ジェネラリストは多様な分野で活躍し、企業での業務・プロジェクトの遂行に貢献する人物です。「ゼネラリスト」とも呼ばれます。

まずはジェネラリストについて、意味・意義やスペシャリストとの違いをご紹介していきます。

「ジェネラリスト」の意味

ジェネラリストの語源は英語で「generalist」で、「多方面の知識を持つ人」や「博学な人」という意味があります。

転じて日本では、ジェネラリストとは「幅広い分野の知識・経験がある人」を指します。特定の分野に特化するのではなく、さまざまな分野で活躍してきた万能型の人物がジェネラリストと呼ばれます。

ジェネラリストとスペシャリストの違い

ジェネラリストとスペシャリストの違いは、知識・経験です。ジェネラリストは前述の通り、幅広い分野での知識や経験がある人物を指します。

たとえば経理・企画・人事のような各分野で、スキル・知識を磨いてきた人物がジェネラリストにあたります。ジェネラリストは、役員・管理職・総合職など、従業員を統括する立場に立つことが多い傾向です。

対してスペシャリストは、一つの分野に専門的に特化した人物を指します。

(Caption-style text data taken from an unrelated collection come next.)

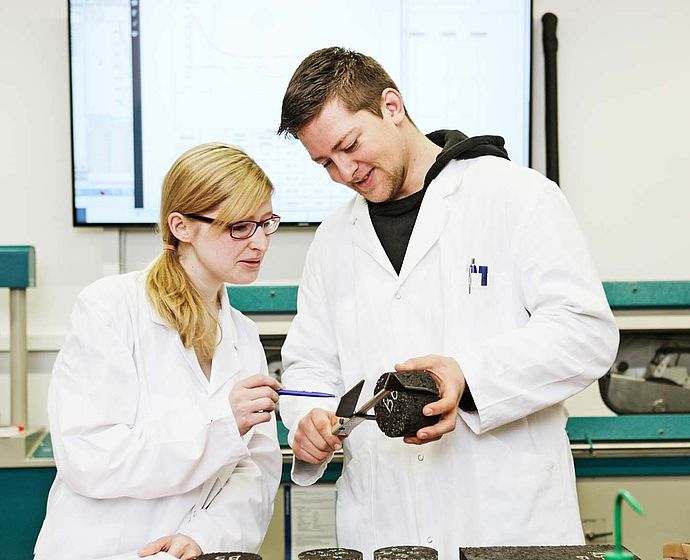 Studierende im Labor am Experiment 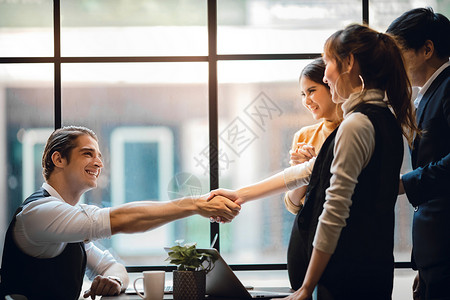 快乐的多样化商业界人士组织握手求爱伙伴关系或团队工作概念咖啡店人们制造合伙高清图片素材
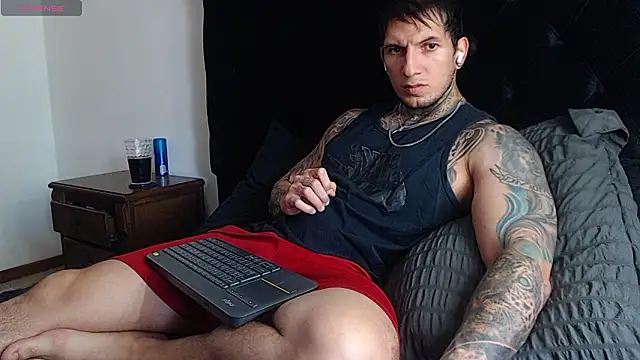 Snapshot of Shane_Clay chatting on 02.06.26 Shane Clay online show from 02.06.26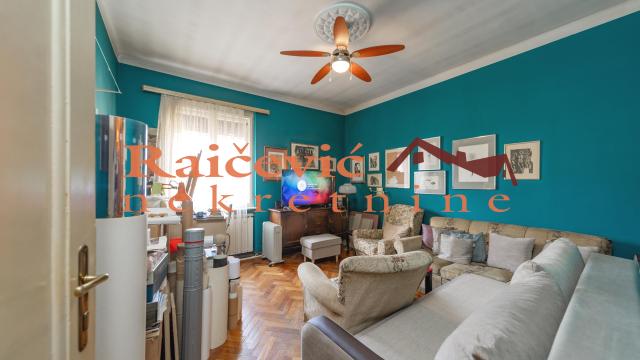 Stan, Trosoban, Prodaja, 65m2, Kalenić pijaca, Vračar, Trnska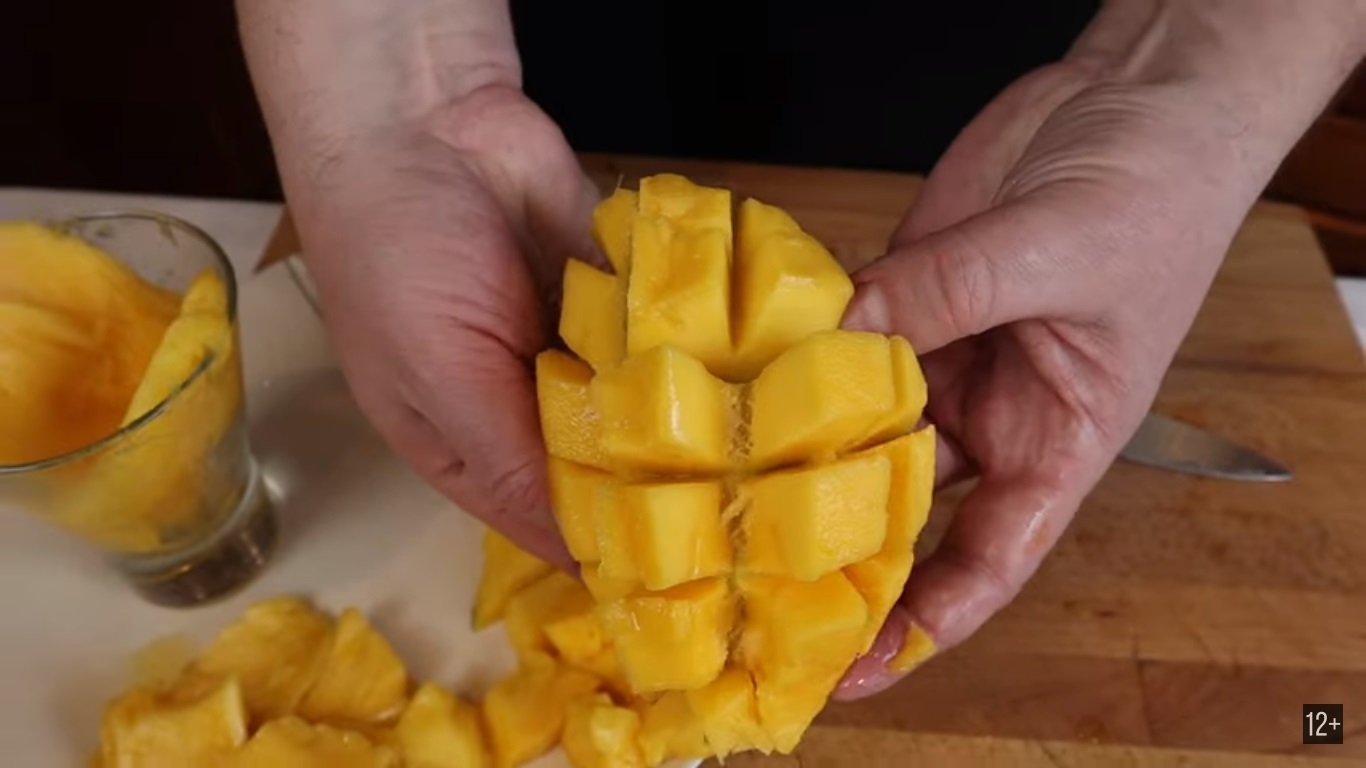 How to choose a MANGO / 4 LIFE HACKS how to eat a mango / Product review - My, Mango, Food, Фрукты, Butchering, Video, Longpost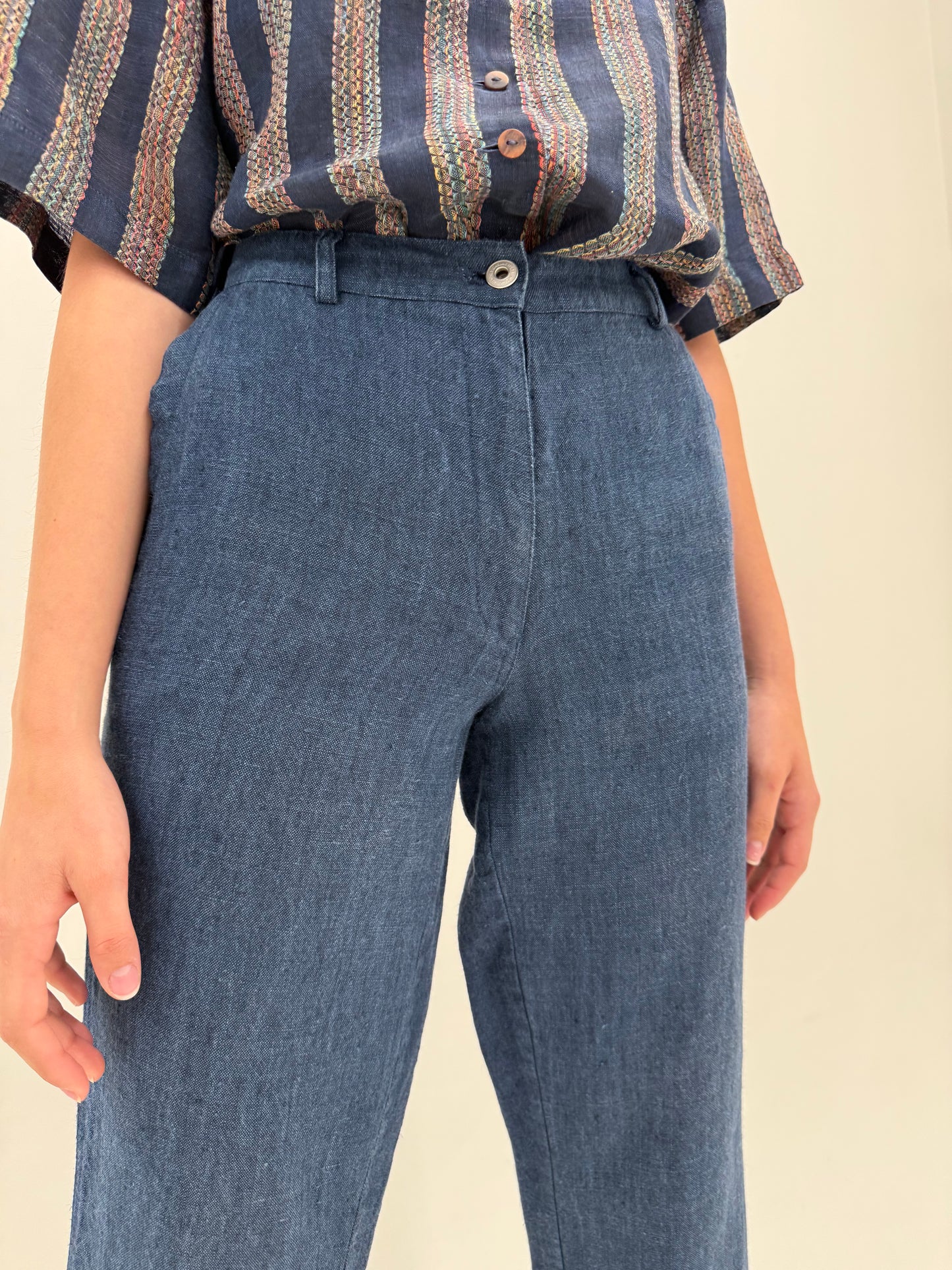 Pantaloni dark blue din pânză de in în croi clasic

医師・弁護士・システムエンジニアなどのいわゆる「専門職」と呼ばれる人物がスペシャリストにあたります。

ジェネラリストの特徴・向いている人

企業はジェネラリストを採用・育成することで、業務効率の改善やマネジメントの最適化などのメリットが期待できます。それでは、企業はどのような人物をジェネラリストとすべきでしょうか。

ジェネラリストの特徴や向いている人について解説していきます。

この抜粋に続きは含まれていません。